Tuesday, August 27, 2013

DOJ Let's Halliburton off the Hook for Destroying Gulf Oil Spill Evidence

It seems possible that Halliburton Energy Services didn't what it's three-dimensional computer simulations of what when wrong in the Macondo Well blow-out to get into the hands of federal prosecutors. The simulations were destroyed and the DOJ filed criminal charges against Halliburton for this destruction of evidence. Halliburton was subsequently allowed to settle with the DOJ, pleading to one count of destroying evidence. Sen. John McCain is among those who feel that justice was not being served here. The following excerpt is from E&E News. A link to the full article is found below as is a PDF copy of Sen. McCain's letter.

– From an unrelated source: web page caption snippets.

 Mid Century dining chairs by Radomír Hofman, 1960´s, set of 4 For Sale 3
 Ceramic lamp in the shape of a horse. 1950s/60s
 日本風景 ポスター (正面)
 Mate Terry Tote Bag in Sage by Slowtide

Republican questions Halliburton's Gulf spill settlement
Jeremy P. Jacobs, E&E reporter
Published: Thursday, August 1, 2013
Arizona Sen. John McCain today expressed deep concerns about the Department of Justice's recent settlement with Halliburton Energy Services Inc. over the destruction of evidence following the 2010 Deepwater Horizon oil spill.
The Republican asked DOJ several questions about how the $200,000 settlement came about and whether it is sufficient given the nature of the allegations. [SNIP]

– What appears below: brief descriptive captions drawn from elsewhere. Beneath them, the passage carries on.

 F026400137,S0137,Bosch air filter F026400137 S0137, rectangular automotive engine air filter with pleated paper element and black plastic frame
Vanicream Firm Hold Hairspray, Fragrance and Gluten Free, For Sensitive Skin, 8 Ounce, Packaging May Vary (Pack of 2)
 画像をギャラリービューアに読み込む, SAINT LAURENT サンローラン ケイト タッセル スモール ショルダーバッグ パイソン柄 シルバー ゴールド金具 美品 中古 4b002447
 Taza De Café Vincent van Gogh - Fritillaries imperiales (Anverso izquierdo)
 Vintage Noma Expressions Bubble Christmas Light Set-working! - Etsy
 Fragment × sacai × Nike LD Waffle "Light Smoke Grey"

Halliburton admitted to one count of destroying evidence and agreed to pay the maximum statutory penalty of $200,000. Additionally, Halliburton faces three years of probation and has agreed to cooperate with DOJ's ongoing investigation into the Gulf of Mexico explosion and spill that killed 11 rig workers.
The settlement stems from three-dimensional computer simulations that Halliburton ran after the blowout on the Macondo well. Engineers were trying to determine whether BP PLC's decision to use fewer centralizers around the well's casings than Halliburton had recommended may have caused the blowout. [SNIP]
"Why did DOJ settle this case for such a relatively small fine rather than choose to prosecute Halliburton to the full extent of its culpability in the Deepwater Horizon disaster?" McCain asked.
McCain also raised questions about Halliburton's decision to contribute $55 million to the National Fish and Wildlife Foundation separate from the settlement.